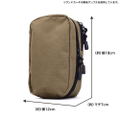Attack On Titan - Survey Corps Mini Shoulder Pouch (Black) thumbnail 9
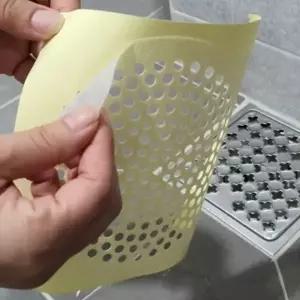 ( )배수구트랩스티커 대형 10개 일회용배수구망 욕실하수구거름망 하수구스티커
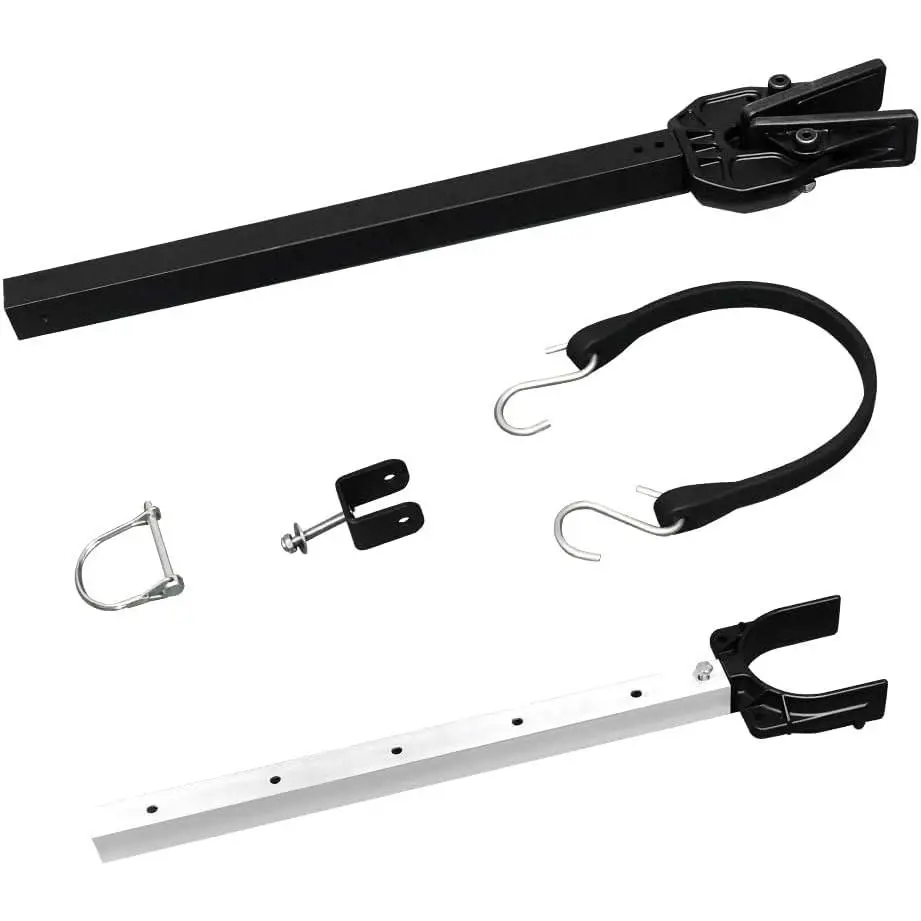 Transom Saver for Boating Use - Heavy-Duty Composite Head Motor Support, 23"-35" Engine Holder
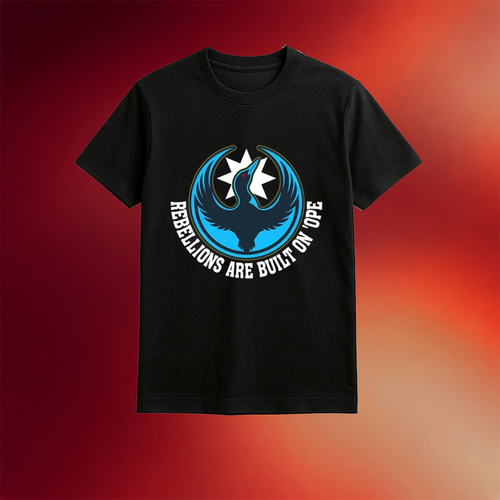 Rebellions Are Built On Hope T-Shirt Minnesota Rebel Alliance Bird Loon Shirt Gifts For Him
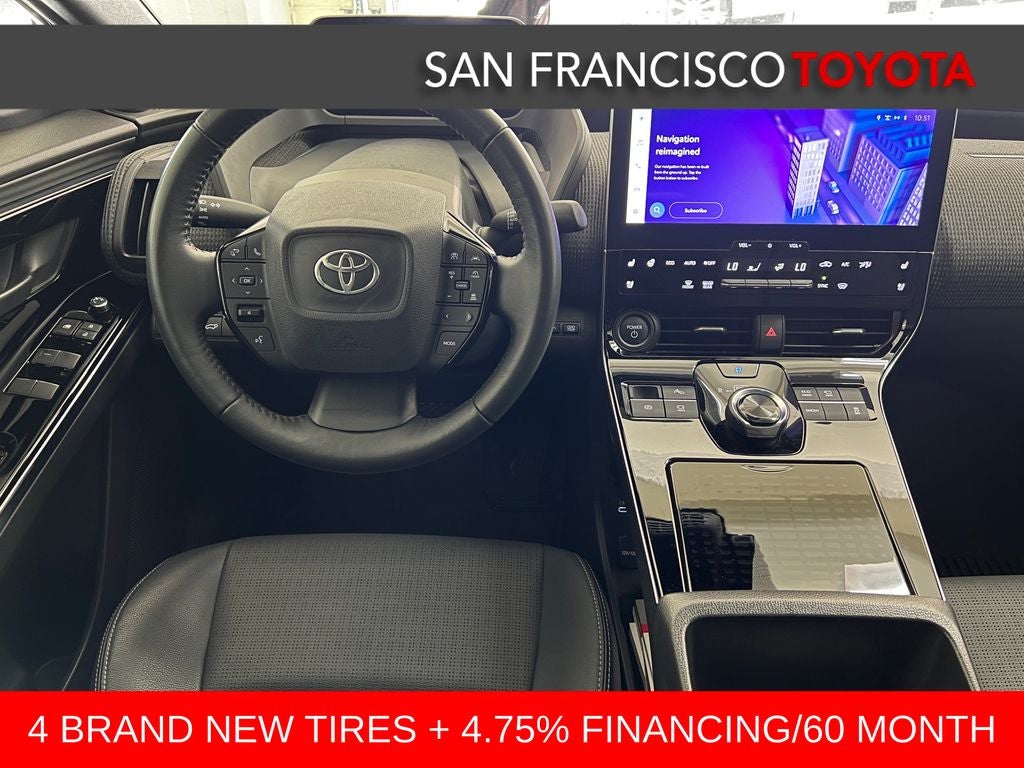 2023 Toyota bZ4X Limited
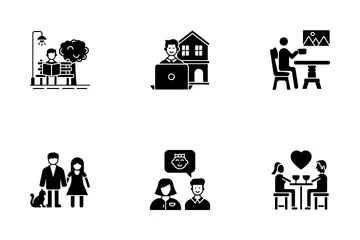 Family And Home Icon Pack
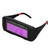 Solar Power Automatic Dimming Welding Glasses HeadMounted Welding Eyeglass Welding Argon Arc Welding Glasses Protective Welding Eyeglass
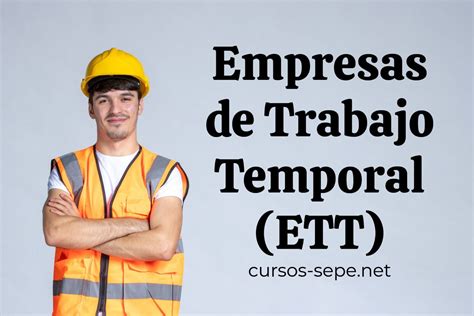 empresa de empleo temporal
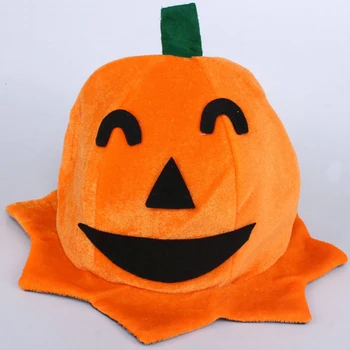 New Halloween Pumpkin Hat Children Adults Fancy Dress Party Hats Caps Cosplay Props Halloween Party Supplies 
New Halloween Pumpkin Hat Children Adults Fancy Dress Party Hats Caps Cosplay Props Halloween Party Supplies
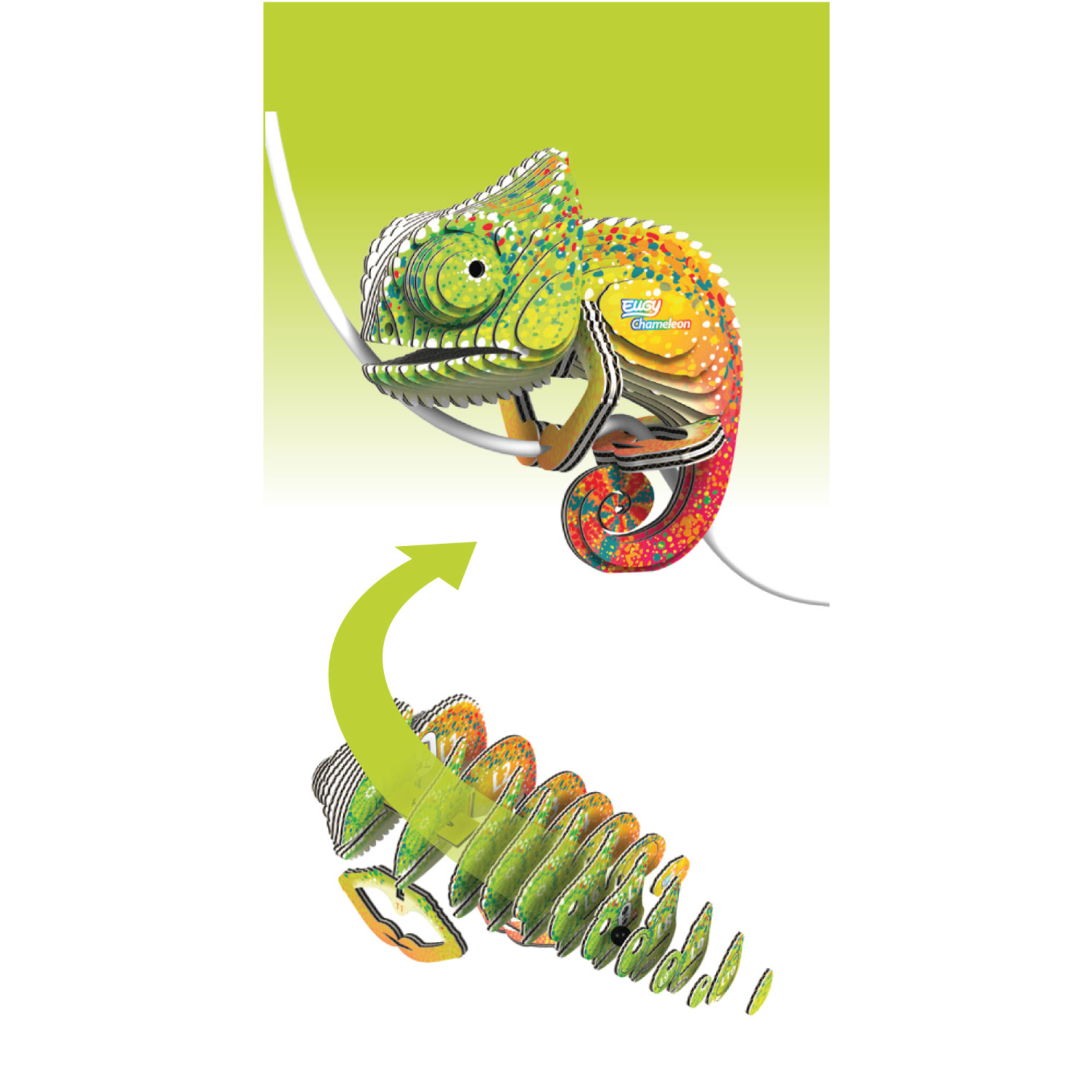 Eugy Eugy - 075 Chameleon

^^^^

- What the exercise asks -
Every line of the data above should be repeated exactly. Omit the pictures.

- Solved problem -
Attack On Titan - Survey Corps Mini Shoulder Pouch (Black) thumbnail 9
 ( )배수구트랩스티커 대형 10개 일회용배수구망 욕실하수구거름망 하수구스티커
 Transom Saver for Boating Use - Heavy-Duty Composite Head Motor Support, 23"-35" Engine Holder
 Rebellions Are Built On Hope T-Shirt Minnesota Rebel Alliance Bird Loon Shirt Gifts For Him
 2023 Toyota bZ4X Limited
 Family And Home Icon Pack
 Solar Power Automatic Dimming Welding Glasses HeadMounted Welding Eyeglass Welding Argon Arc Welding Glasses Protective Welding Eyeglass
 empresa de empleo temporal
 New Halloween Pumpkin Hat Children Adults Fancy Dress Party Hats Caps Cosplay Props Halloween Party Supplies 
New Halloween Pumpkin Hat Children Adults Fancy Dress Party Hats Caps Cosplay Props Halloween Party Supplies
 Eugy Eugy - 075 Chameleon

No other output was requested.